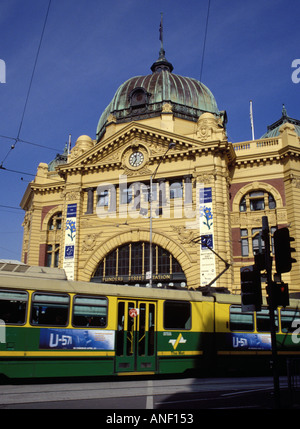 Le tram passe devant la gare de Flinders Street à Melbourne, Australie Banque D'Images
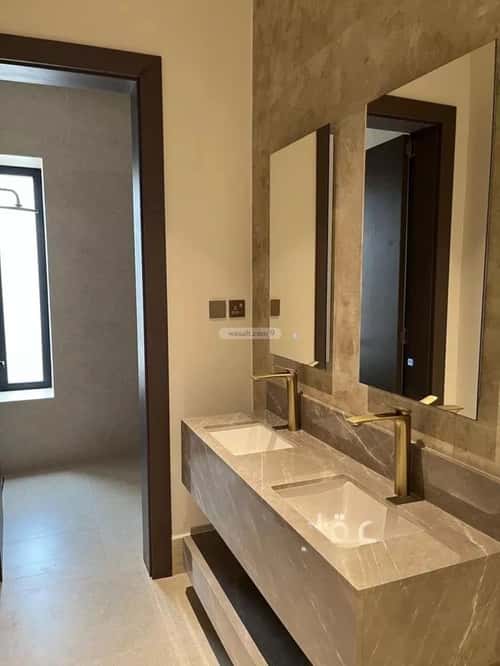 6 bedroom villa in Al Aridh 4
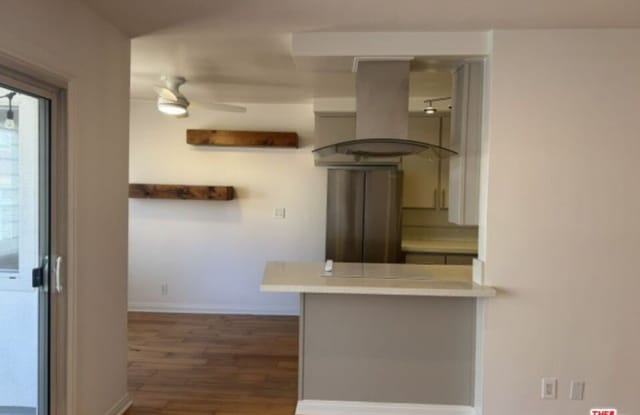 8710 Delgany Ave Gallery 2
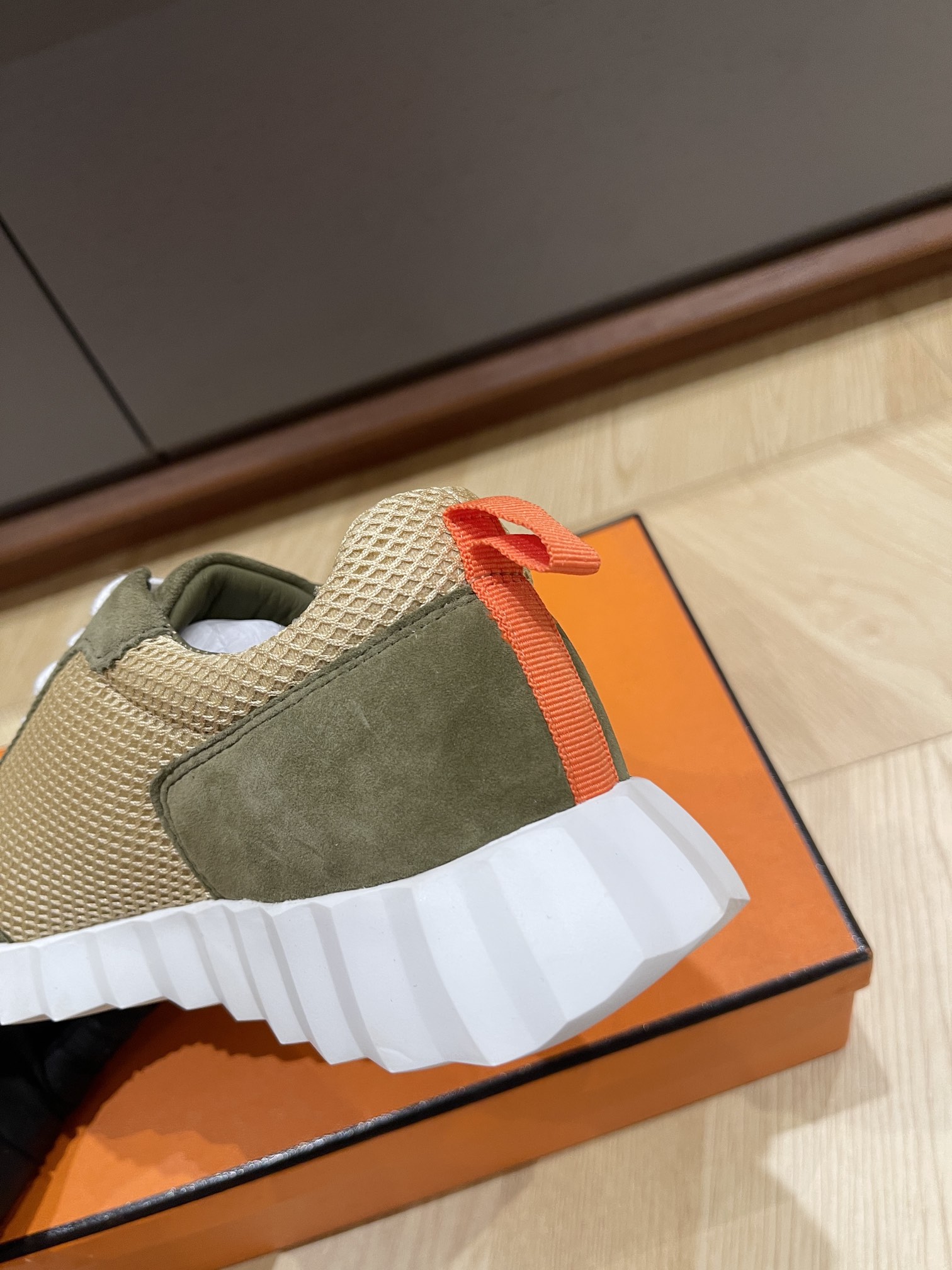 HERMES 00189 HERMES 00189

- _AIM OF THE EXERCISE_:
Print every line above exactly. Leave the pictures out.

- _OUTPUT FOR THIS TASK_:
 Le tram passe devant la gare de Flinders Street à Melbourne, Australie Banque D'Images
 6 bedroom villa in Al Aridh 4
 8710 Delgany Ave Gallery 2
 HERMES 00189 HERMES 00189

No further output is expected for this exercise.